Ótimo! O homem exclamou. Só me falta dizer que ele tem amnésia...
Dê a ele um tempo para pensar. A mulher disse calmamente. Talvez ele...
O portal... Joshua murmurou.
O homem e a mulher fitaram-se por um instante e, então, olharam de volta para o jovem.
Morgana... O rapaz disse vagarosamente, enunciando bem cada sílaba. Ela me trouxe aqui...
O jovem olhou de volta para o casal.

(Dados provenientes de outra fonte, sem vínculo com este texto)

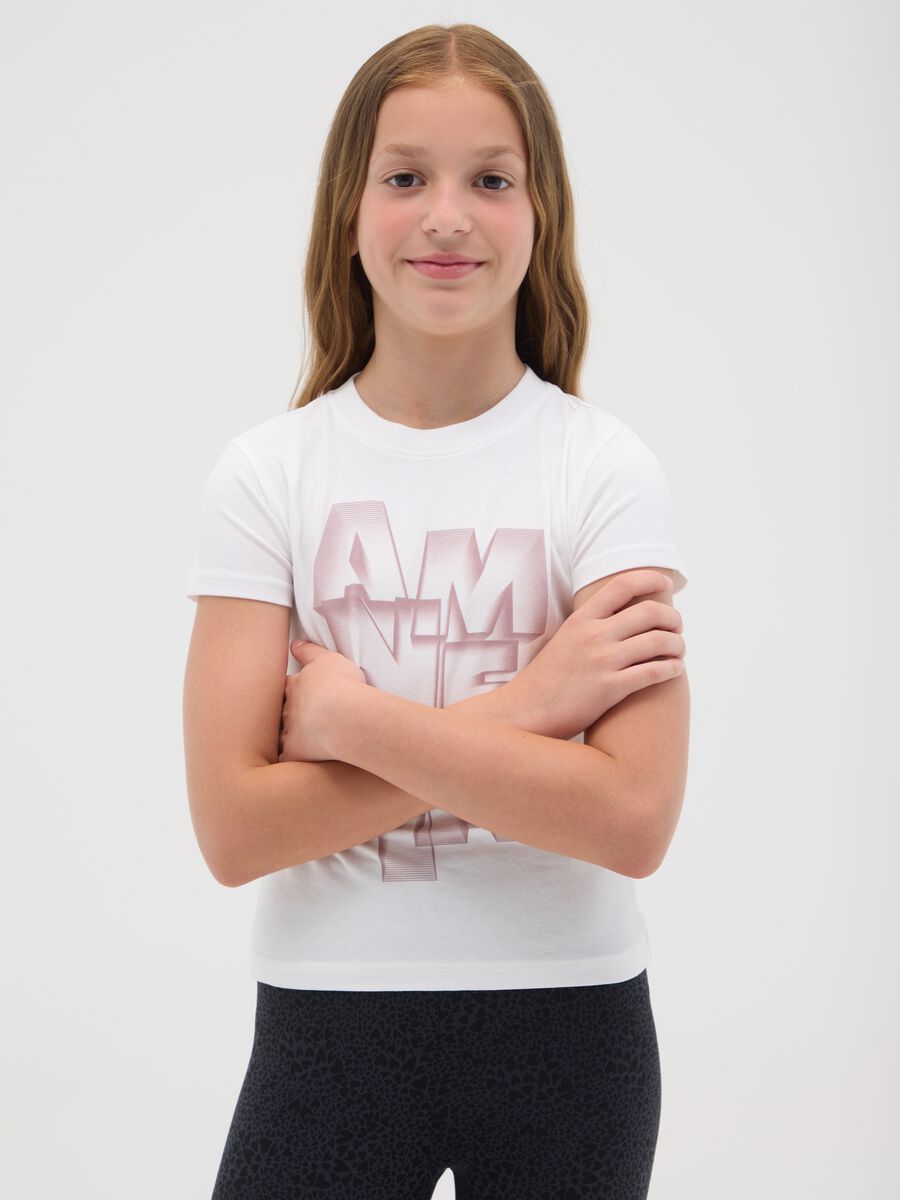 T-shirt bianca in cotone elasticizzato con stampa _0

Os dois olhavam atentos para ele.
Continue. Pediu o homem.
Por favor. Acrescentou a mulher.
Joshua respirou fundo. Então, contou toda a sua desventura sem hesitar, detalhadamente contando sobre o tenebroso lugar abandonado por anjos e demônios, comentando sobre a sua conversa com Estmund, narrando sua corrida até a casa de Adriana, falando sobre seu encontro com Morgana e a rápida passagem pelo Plano Espiritual. Até o seu pesadelo com o psicopata não ficou de fora da história.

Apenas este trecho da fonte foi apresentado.